| Assignment |
Do not include the pictures; repeat the rest of the data exactly.

| Information supplied |
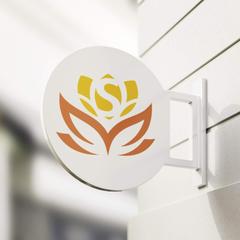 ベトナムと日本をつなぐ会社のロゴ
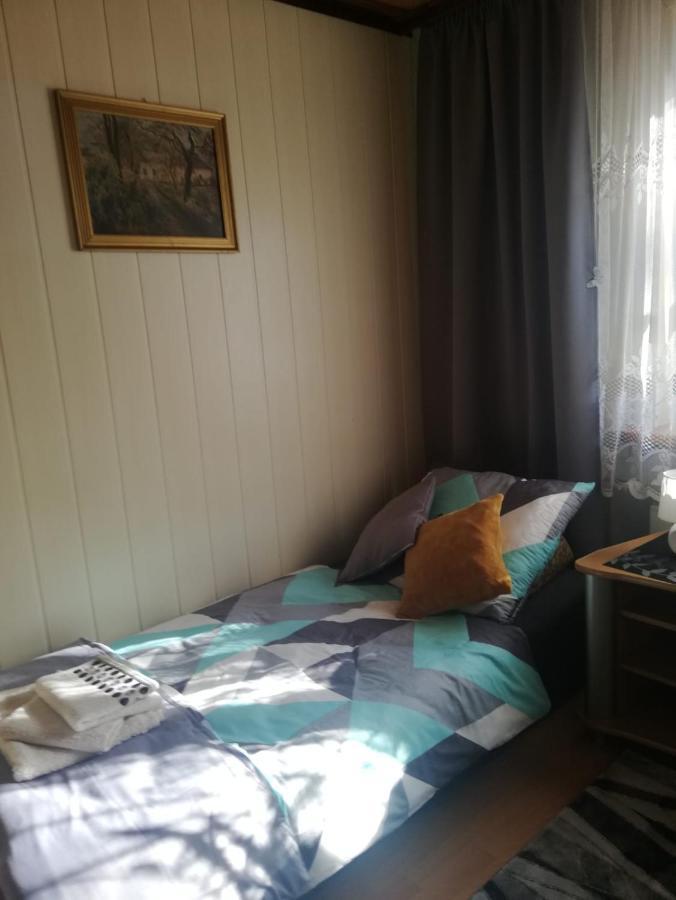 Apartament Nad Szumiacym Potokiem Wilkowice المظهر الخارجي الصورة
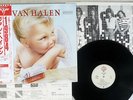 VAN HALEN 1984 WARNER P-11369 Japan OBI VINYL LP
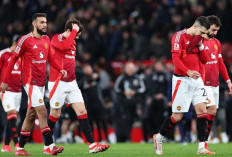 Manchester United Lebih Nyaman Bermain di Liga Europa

| Worked solution |
 ベトナムと日本をつなぐ会社のロゴ
 Apartament Nad Szumiacym Potokiem Wilkowice المظهر الخارجي الصورة
 VAN HALEN 1984 WARNER P-11369 Japan OBI VINYL LP
 Manchester United Lebih Nyaman Bermain di Liga Europa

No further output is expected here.